过小年,凡梅回来了。她家就在凡雁家旁边,也是二层宅院。她爸跟凡雁爸是亲弟兄。她跟凡雁,则是堂姊妹。凡梅是家里的老大。她下面还有一个弟弟两个妹妹。大弟凡竹三十出头,在上海打工,还没成家。二妹凡菊早早成了家,几年前不幸车祸去世。三妹凡兰在深圳,跟凡雁走得近,两年前嫁给了一个山东男人。就此,年三十到初一这三天,铁定是不能在家过。通常初二一早,她跟丈夫才开车返乡。

凡梅没结婚,但却有个儿子。这事在当年狠闹过一阵。她跟了个福建男人,他有老婆,有女儿。男人的妈不同意。他老婆女儿也找凡梅撕过。不过等到凡梅十月怀胎生了个儿子,一切便都风平浪静了,从此花开两朵,各过各的日子。那男人坐享齐人之福。但要强归要强。过年这几天,男人主要还是待在原配那儿。原配掌控着婆婆,间接掌控了家。于是一到年下,杨凡梅绝不在福建待,早早地就带儿子回到老家。就当度假。凡梅一回来就找凡雁,见到凡雁就嚷嚷着张罗麻将。小芳一听说有麻将打。也从楼上下来。凡梅就这样发现了小芳的故事。

麻将小芳是没打成。凡虎不让她打。但这并不妨碍凡梅他们替侄女操心。凡梅自己这样。所以更加没有一丝一毫看不起小芳,麻将桌上,她为小芳操心。她建议干脆自己养。

凡雁:

“怎么养,都不做事,就我哥一人累,这已经养三个了,马上还都要读书。”

凡梅:

“这边不养,男方也不养,自己身上的肉,真舍得送人?”凡梅的声音忽然小了。缩头缩脑地:

“我今年还流掉一个。”

她对家储荷心惊。牌都差点打错。她下家邻居听住了,一时忘了出张子。凡梅提醒:

“打呀!”牌局恢复正常了。

不等凡雁细问,凡梅就抱怨开:“我倒想生,拿什么养。”

凡雁听出堂妹话里有话,牌桌上就不细问了。等收了牌,凡雁才关心:“干吗,不会掰了吧。”

凡梅:“一年不如一年。”

十年河东转河西。凡梅跟他的时候,男人手里有两个加油站,连着包工程,干什么,赚什么。他给凡梅开了茶叶店,还要帮她买房子。谁知几年一

过,走了背运,男人被朋友坑,加油站没了,干工程又结不下款,年前打官司输得惨,法院判赔。呜,贫贱夫妻百事哀。何况凡梅和他还不能算夫妻。他半年没给凡梅钱。杨凡梅全靠积蓄过日子,她不痛快。也想着自己找点事儿。结果朋友圈卖莆田鞋还亏了货钱。茶叶店生意不好,净搭房租,也收了。凡竹和凡兰给她在网上找了点活儿,月月好歹有点饭钱。凡梅和男人的关系越来越淡。狠吵过几次。年前,他竟然连着一个礼拜没到凡梅那儿。凡梅生气,她是假的,儿子可是真的!碰着年,正好,她溜溜带儿子回乡,暂时不打算再去福建了。除非他三请四邀给实惠。

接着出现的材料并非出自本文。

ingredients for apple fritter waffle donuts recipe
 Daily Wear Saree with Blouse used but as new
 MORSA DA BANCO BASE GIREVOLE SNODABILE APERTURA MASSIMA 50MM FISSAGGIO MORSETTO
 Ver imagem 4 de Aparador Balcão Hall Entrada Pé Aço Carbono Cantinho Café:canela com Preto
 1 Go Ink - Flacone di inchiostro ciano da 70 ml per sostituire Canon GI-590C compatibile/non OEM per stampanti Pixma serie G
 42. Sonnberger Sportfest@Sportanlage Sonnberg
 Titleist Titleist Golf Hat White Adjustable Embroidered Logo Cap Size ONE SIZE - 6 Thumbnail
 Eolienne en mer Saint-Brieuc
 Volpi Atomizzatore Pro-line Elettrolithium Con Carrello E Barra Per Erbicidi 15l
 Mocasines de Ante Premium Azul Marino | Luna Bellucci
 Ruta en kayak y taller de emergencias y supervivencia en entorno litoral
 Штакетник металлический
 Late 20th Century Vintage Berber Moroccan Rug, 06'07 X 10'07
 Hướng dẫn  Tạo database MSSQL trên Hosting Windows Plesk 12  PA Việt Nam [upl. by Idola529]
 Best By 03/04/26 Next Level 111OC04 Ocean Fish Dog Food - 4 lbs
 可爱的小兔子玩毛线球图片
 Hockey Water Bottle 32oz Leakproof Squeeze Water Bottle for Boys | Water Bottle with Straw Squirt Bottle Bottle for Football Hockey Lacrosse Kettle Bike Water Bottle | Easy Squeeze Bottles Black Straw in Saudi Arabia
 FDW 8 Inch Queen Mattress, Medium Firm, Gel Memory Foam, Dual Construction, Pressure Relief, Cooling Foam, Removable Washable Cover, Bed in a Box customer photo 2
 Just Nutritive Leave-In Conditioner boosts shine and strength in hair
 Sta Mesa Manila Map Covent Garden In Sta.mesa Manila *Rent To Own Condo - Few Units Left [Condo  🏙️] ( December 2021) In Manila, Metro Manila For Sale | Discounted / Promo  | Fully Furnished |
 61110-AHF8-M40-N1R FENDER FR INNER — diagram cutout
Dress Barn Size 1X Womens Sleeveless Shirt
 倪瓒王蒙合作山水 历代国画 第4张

凡梅把烦恼跟凡雁说了。凡雁真心替她发愁。凡梅的路,杨凡雁也走过。那年她在关口买房,也是一个公务员帮还的房贷。后来两个人掰了。那人撤资。又遇上经济危机。凡雁断了供,只能弃房。等缓过劲,房价猛涨,她就再买不起了。这是凡雁半生的遗憾。但问题是,她那是房,还能舍,凡梅这是孩儿,只能负责到底。凡雁劝凡梅收敛点脾气,际遇不顺,心情不好是有的。她应该多理解,多担待。凡梅说得直接:

“他一分钱不给,我担待什么呢。”凡雁反问:

“那分?离?你一个人带孩,怎么养,怎么弄。”凡梅:

“结婚的能离,我们这样的,手续都省了,娃儿马上读小学,他要表现不好,我就孩子回来上-

凡雁替凡梅捏把汗:

“回来,然后呢。他要真不管了呢。”凡梅恨:

“不管那就不管。”

凡梅说话还有点底气。福建那边把儿子看得重。聊到这,两个人都有点沉默。凡梅提议去看看妹妹。凡雁转身去屋里拿了点水果和草纸。凡菊就埋在屋后头的半山上,走几步就到。几年前,她坐在丈夫的摩托车后座上遭遇车祸。两个人一齐撞飞。丈夫没事。她脑袋磕在路上。没了。肇事者赔了五十万。都给了杨家。可杨家人还是不能原谅女婿。他有吸毒的历史。游手好闲,神情恍惚。如果换个人开车,十之八九没事。命。都是命。这女婿过去挺好,外出打工,钱不乱花,还算老实。沾上那玩意儿就完蛋了。凡梅点了着火。凡雁把水果供在坟头。凡雁拖着腔调:

“过年了,来拿钱了。”这是阳间和阴间的交流。凡梅苦笑:

“她倒轻松,一了百了,就是孩子受苦。”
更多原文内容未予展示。